ASSIGNMENT: Apart from the pictures, reproduce the data below exactly as it stands.

Segment Open

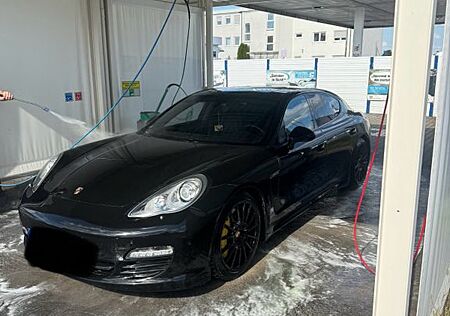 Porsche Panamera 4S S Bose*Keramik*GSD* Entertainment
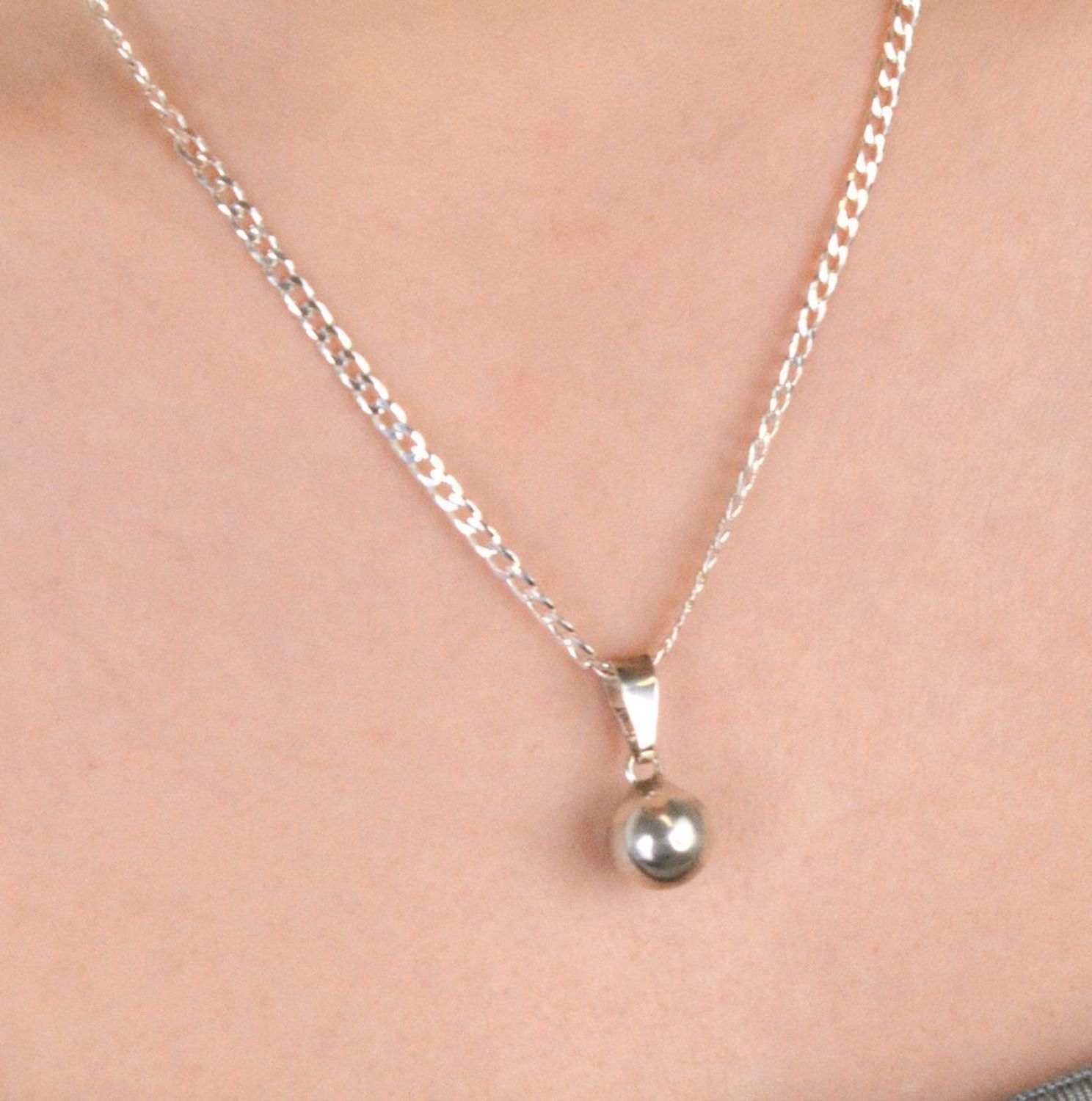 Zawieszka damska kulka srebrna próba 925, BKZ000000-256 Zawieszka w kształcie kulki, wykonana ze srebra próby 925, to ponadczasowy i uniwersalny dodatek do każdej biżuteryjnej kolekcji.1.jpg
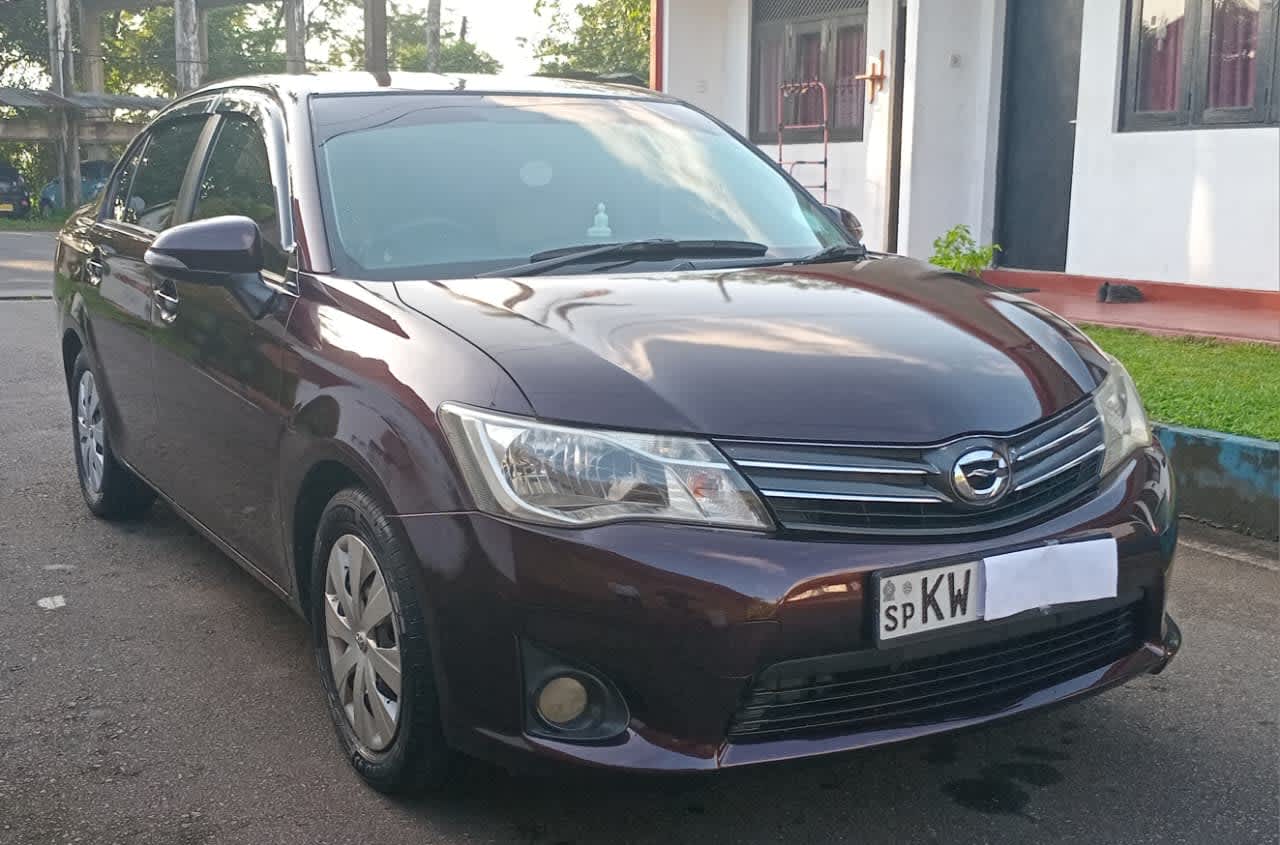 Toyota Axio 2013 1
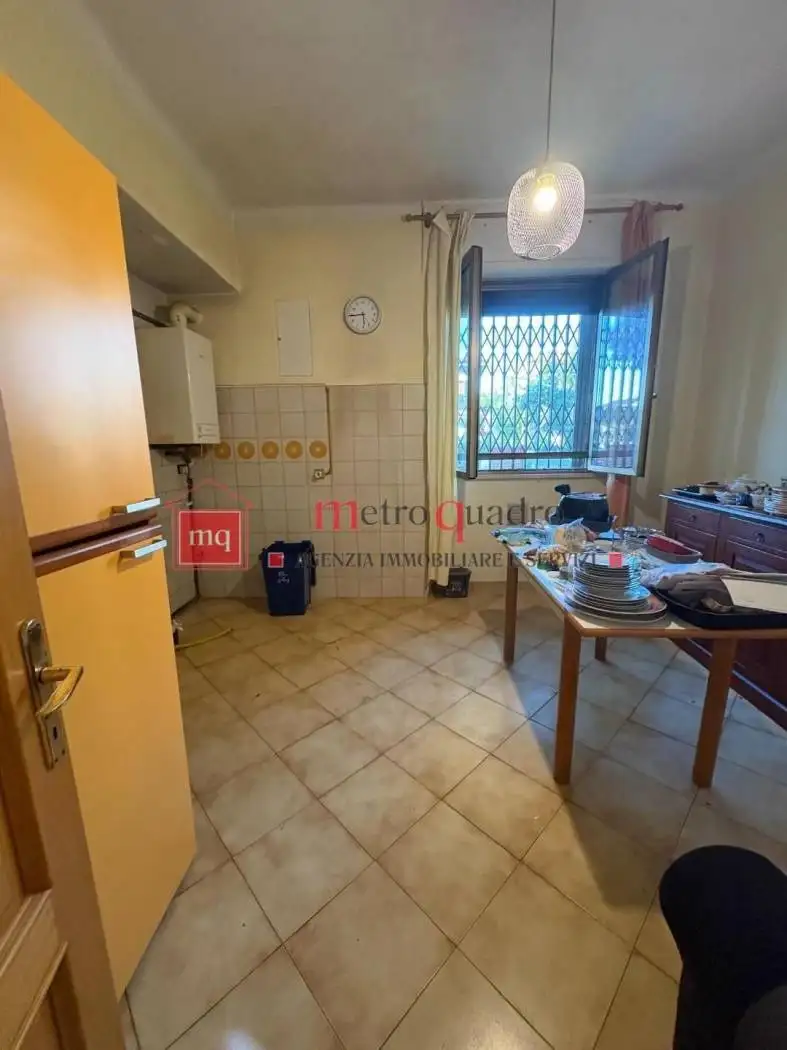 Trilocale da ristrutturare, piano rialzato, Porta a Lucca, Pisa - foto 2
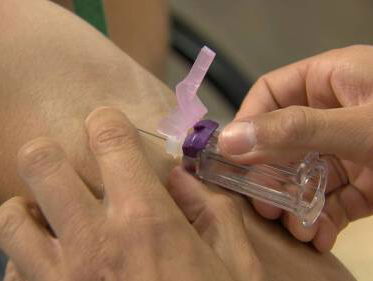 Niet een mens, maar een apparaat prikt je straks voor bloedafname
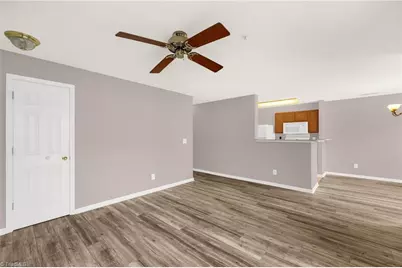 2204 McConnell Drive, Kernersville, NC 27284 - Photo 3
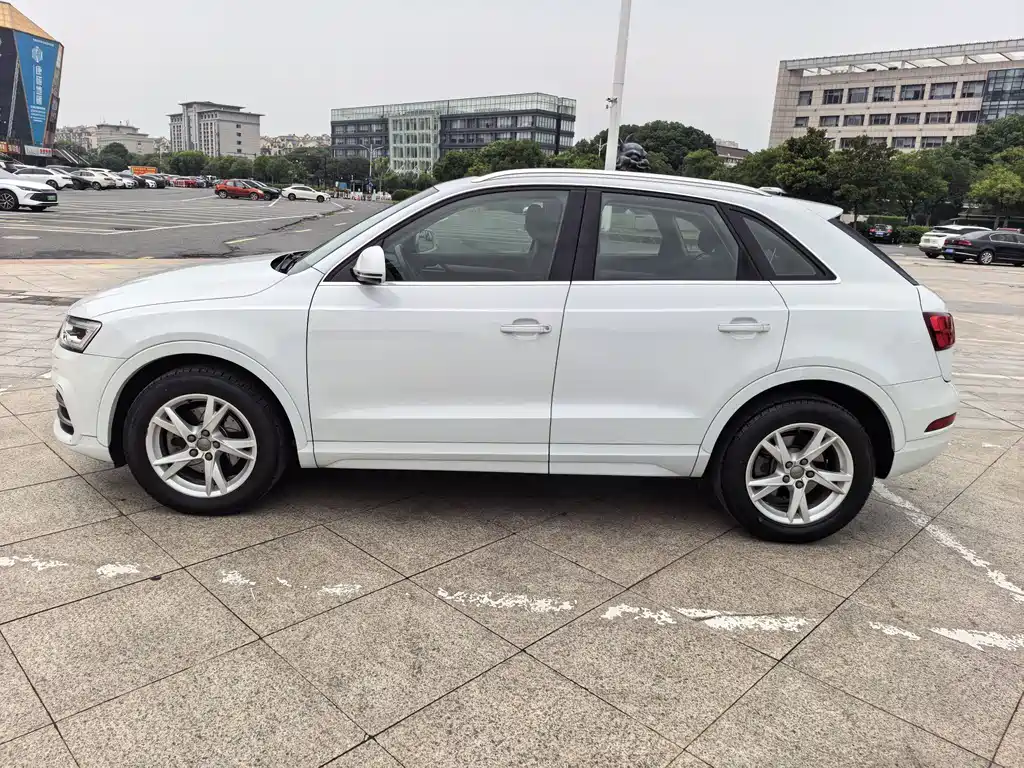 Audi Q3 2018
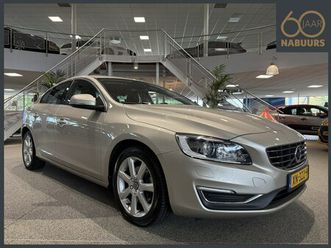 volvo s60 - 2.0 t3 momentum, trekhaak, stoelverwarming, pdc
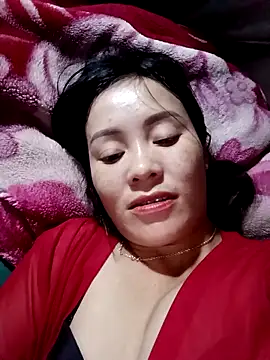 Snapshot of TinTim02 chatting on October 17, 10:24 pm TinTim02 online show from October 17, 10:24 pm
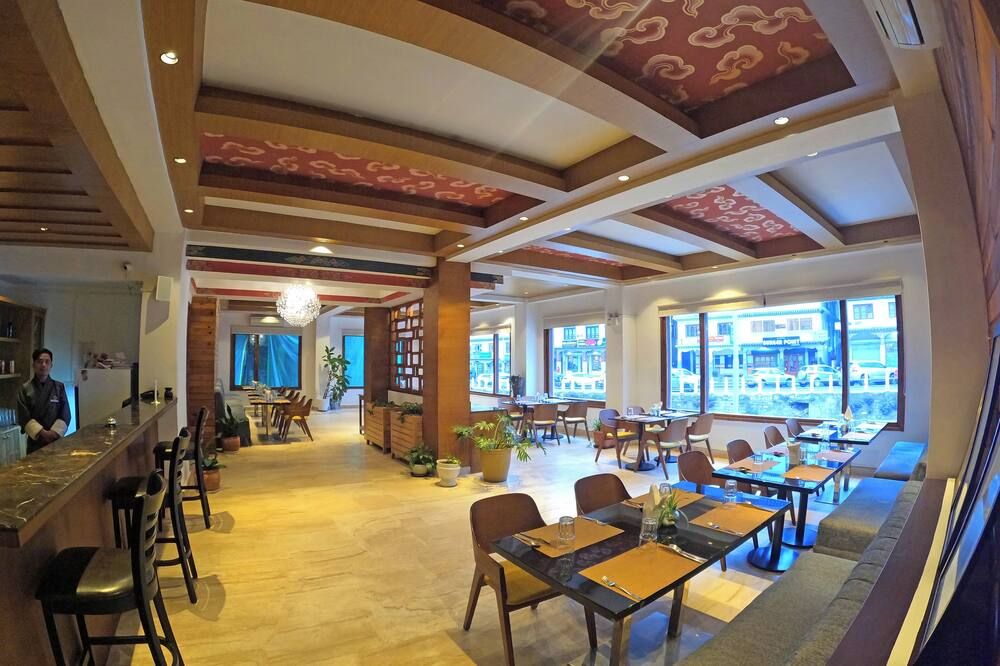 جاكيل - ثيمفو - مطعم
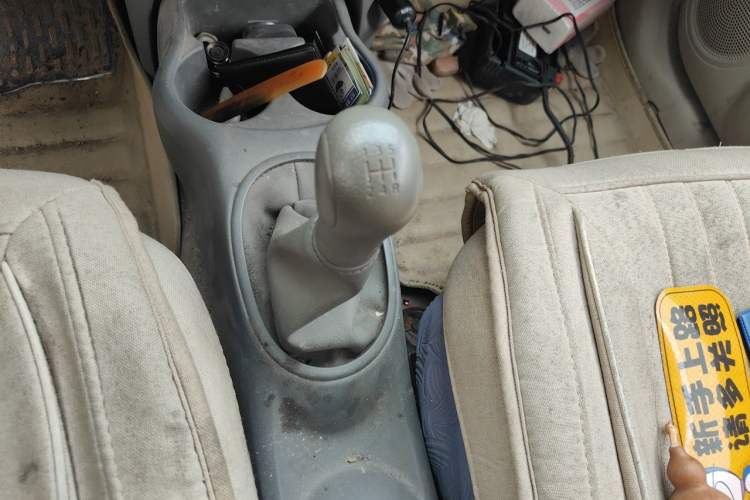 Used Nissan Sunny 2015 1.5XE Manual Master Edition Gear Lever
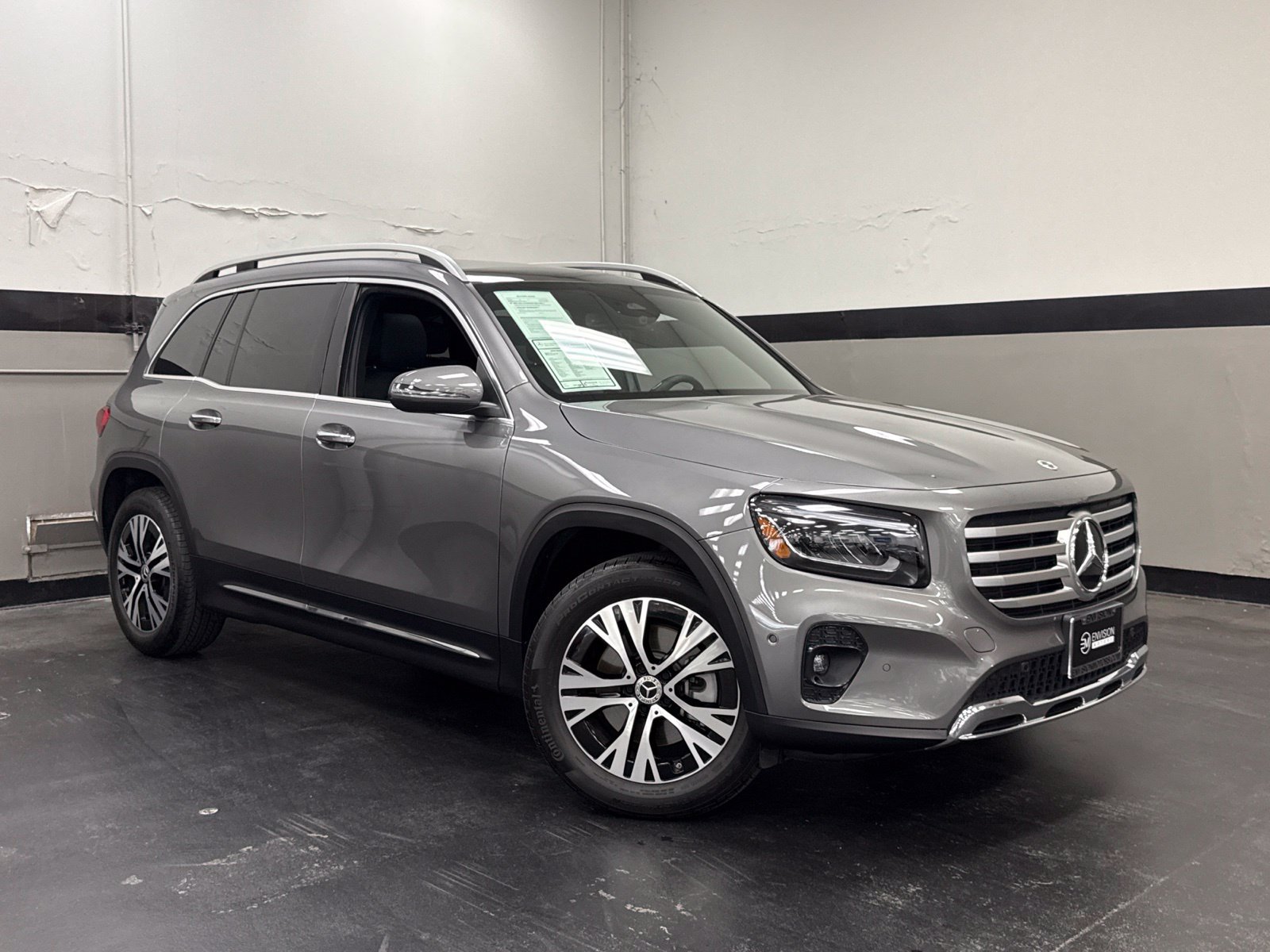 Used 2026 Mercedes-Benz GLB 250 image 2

Segment Closed

WRITTEN RESPONSE:
 Porsche Panamera 4S S Bose*Keramik*GSD* Entertainment
 Zawieszka damska kulka srebrna próba 925, BKZ000000-256 Zawieszka w kształcie kulki, wykonana ze srebra próby 925, to ponadczasowy i uniwersalny dodatek do każdej biżuteryjnej kolekcji.1.jpg
 Toyota Axio 2013 1
 Trilocale da ristrutturare, piano rialzato, Porta a Lucca, Pisa - foto 2
 Niet een mens, maar een apparaat prikt je straks voor bloedafname
 2204 McConnell Drive, Kernersville, NC 27284 - Photo 3
 Audi Q3 2018
 volvo s60 - 2.0 t3 momentum, trekhaak, stoelverwarming, pdc
 Snapshot of TinTim02 chatting on October 17, 10:24 pm TinTim02 online show from October 17, 10:24 pm
 جاكيل - ثيمفو - مطعم
 Used Nissan Sunny 2015 1.5XE Manual Master Edition Gear Lever
 Used 2026 Mercedes-Benz GLB 250 image 2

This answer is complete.